Structure and Chemical Properties of Non-metallic Materials Based on Near-field Optical Microscope

X. Wang

Acta Microscopica 29, 1159 (2020)
With the appearance of new near-field optical microscope, people's field of vision has been broadened to less than one tenth of the wavelength, that is, nanometer scale. In the near-field optical microscope, a probe with an aperture much smaller than the wavelength of light is used instead of an optical lens. When such a sub wavelength probe is placed within a wavelength from the surface of the object, that is, the near-field area, rich sub micron optical information can be detected by detecting the non radiation field bound to the surface of the object. In this paper, the near-field optical properties of hexagonal star and hexagonal petal MoS2 crystals are studied by near-field optical microscopy. The experimental results show that the grain boundaries of single MoS2 crystal can be distinguished in AFM and fluorescence images, but not in near-field optical images and Raman surface scanning.
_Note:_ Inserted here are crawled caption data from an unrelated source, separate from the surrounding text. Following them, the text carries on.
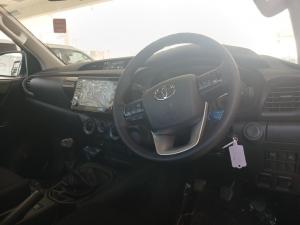 Toyota Hilux 2.4 GD-6 RB RaiderS/C - Image 17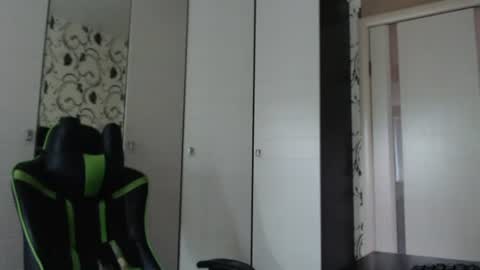 Alex online show from 06-27-26, 12:22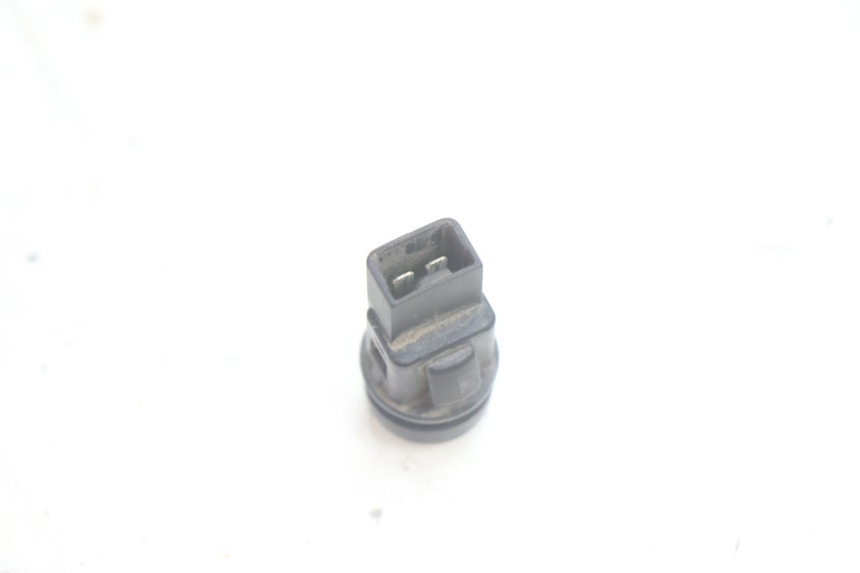 photo de INTERRUPTOR DE BUZINA PIAGGIO LIBERTY 50 (1998 - 2003) - Outro ângulo de visão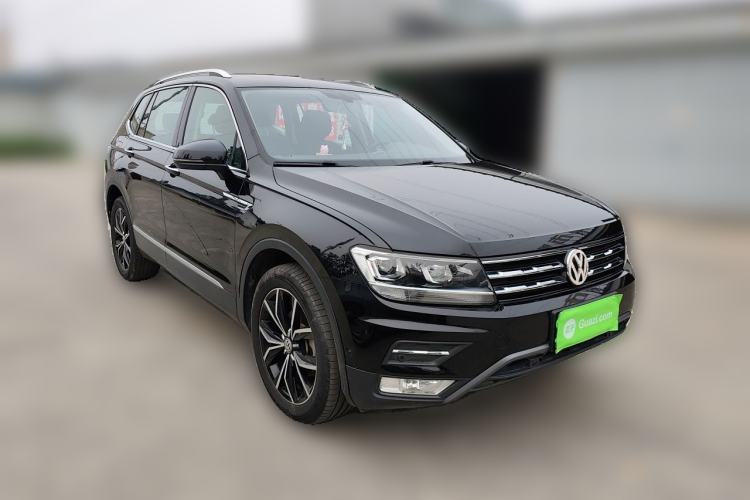Used Volkswagen Tiguan L 2019 Revised 330TSI Automatic Two-Wheel Drive Smart & Luxury Edition China VI Standard Front Right 45 Deg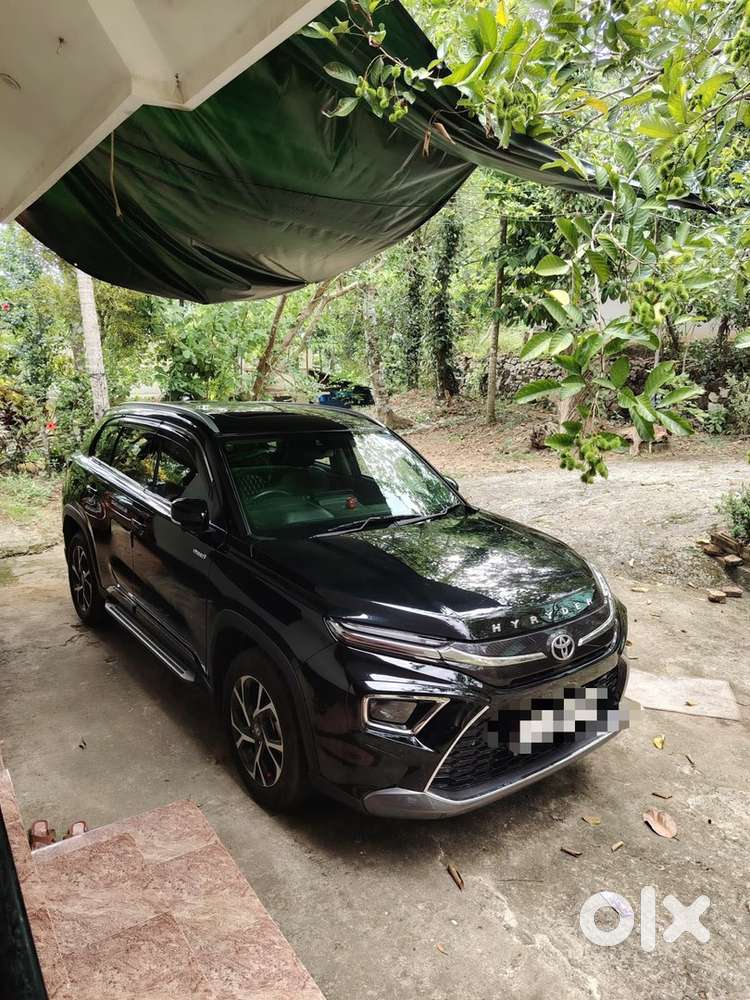Toyota Urban Cruiser Hyryder 2024 Well Maintained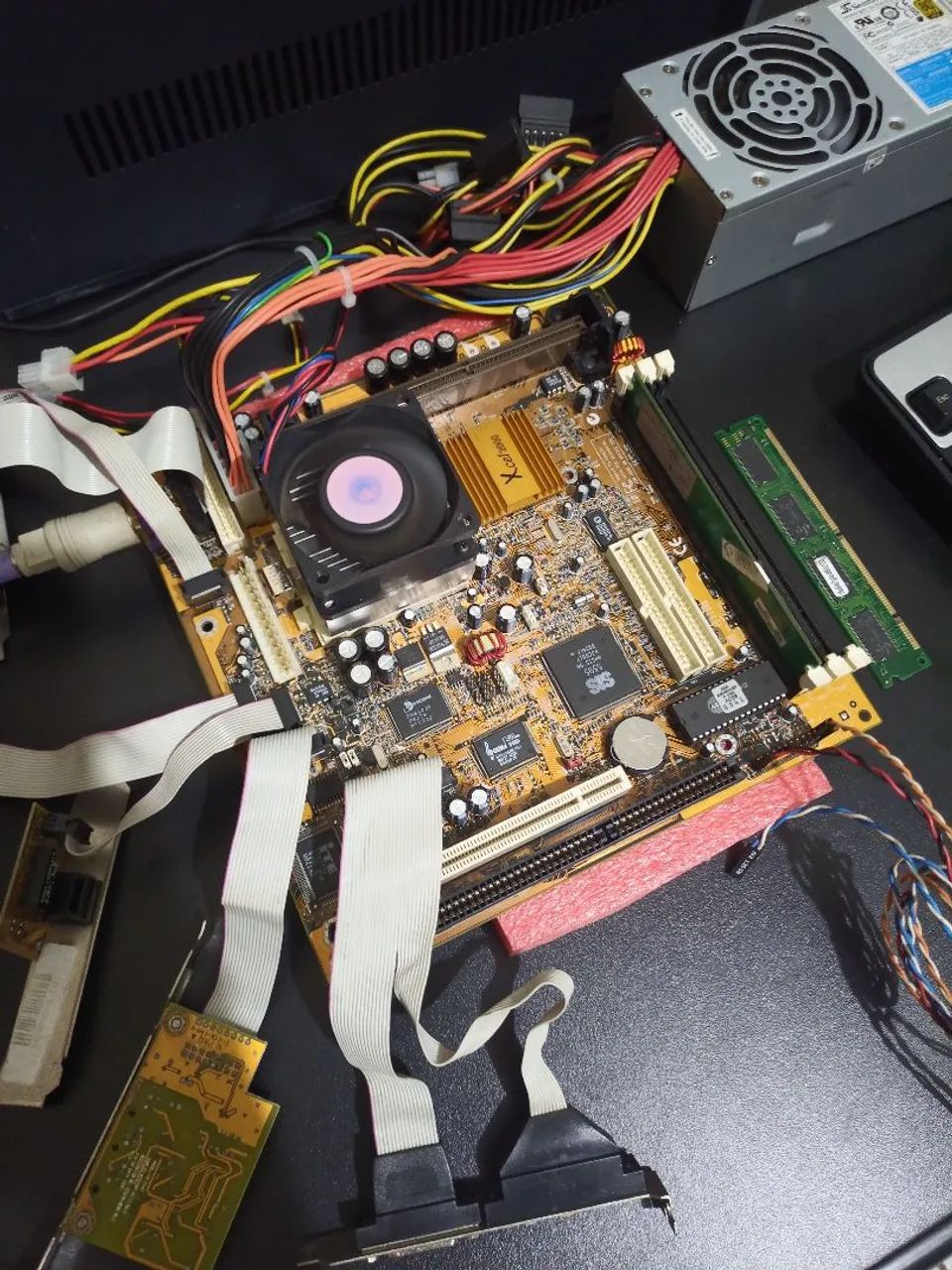 Placa mãe antiga PC CHIPS pga370 slot1 isa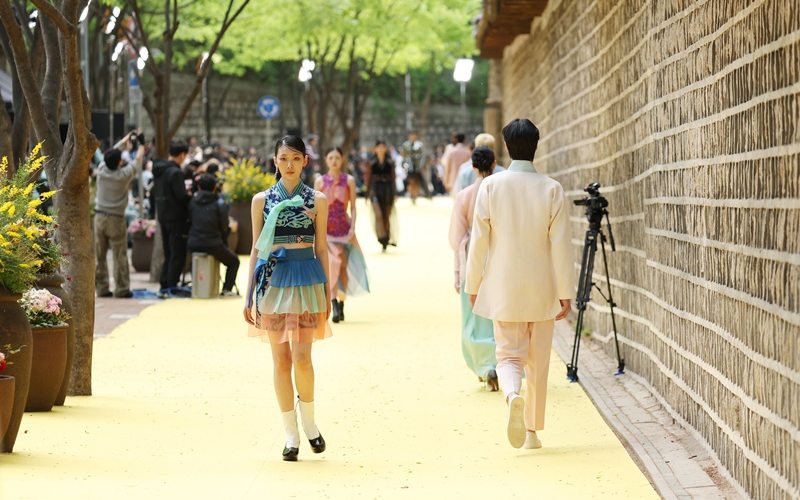 Guiroe, que significa 'estar en una encrucijada' en coreano, hace honor a su nombre como una marca coreana globalizada basada en la silueta refinada del Hanbok que resuena con personas de todo el mundo. La marca fue nombrada Diseñadora de Hanbok del Año 2022 por el Ministerio de Cultura, Deportes y Turismo y diseñó los trajes de Hanbok mostrados en dramas exitosos como 'Itaewon Class' y 'Treasure Island.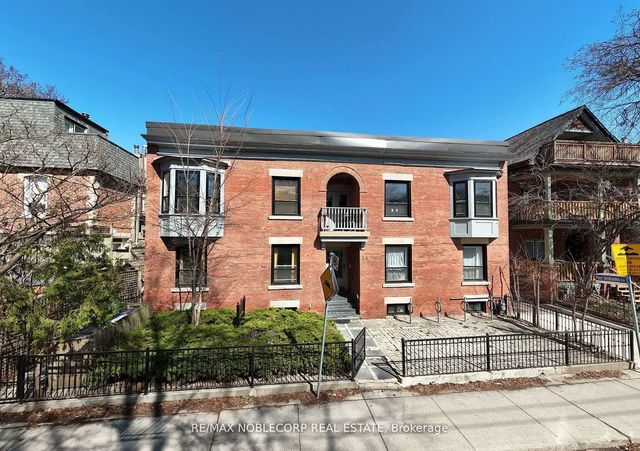 34 Winchester Street, Toronto C08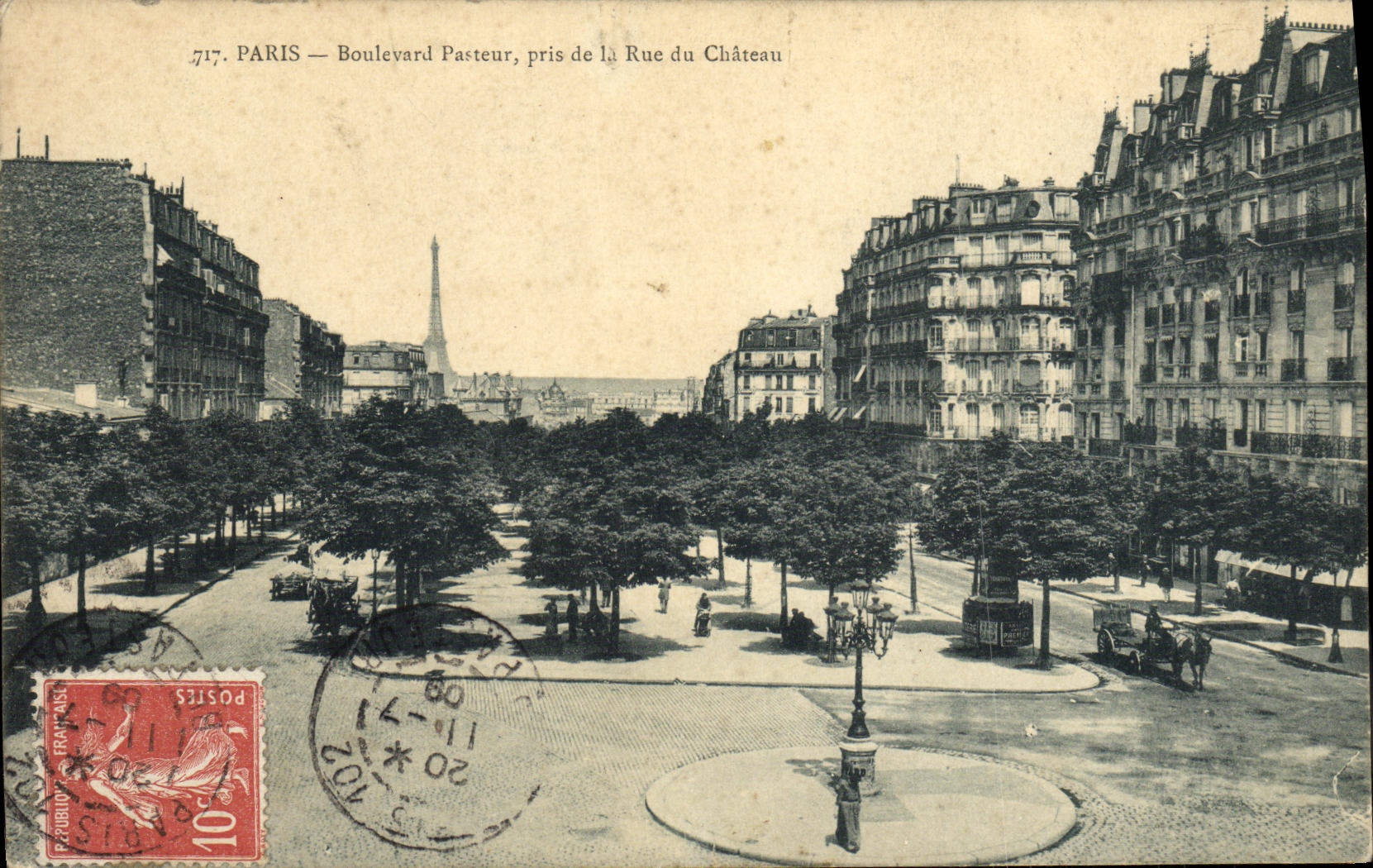 CPA Paris Boulevard Pasteur pris de la rue du Chateau Tour Eiffel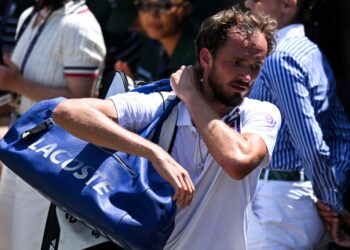 DANIIL Medvedev meninggalkan gelanggang selepas kekalahannya menentang pemain Perancis Benjamin Bonzi pada aksi pusingan pertama Kejohanan Wimbledon 2025 di The All England Lawn Tennis and Croquet Club, Wimbledon semalam. - AFP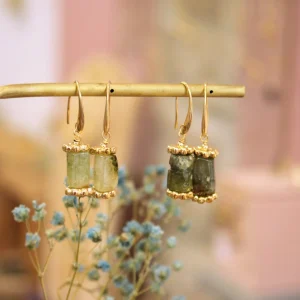 Boucles d'oreilles MAGIC grenat vert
The near-field signal increases with the increase of sample thickness, which can be understood as the higher charge concentration in the thicker region. The grain boundary and edge of multi-layer MoS2 crystal can be distinguished in the near-field optical chart. The superposition growth of multi-layer MoS2 crystal often leads to the complex interaction between the atomic position and electronic structure. As a result, the structural and electronic recombination has taken place at the edge and the grain boundary of the atomic level.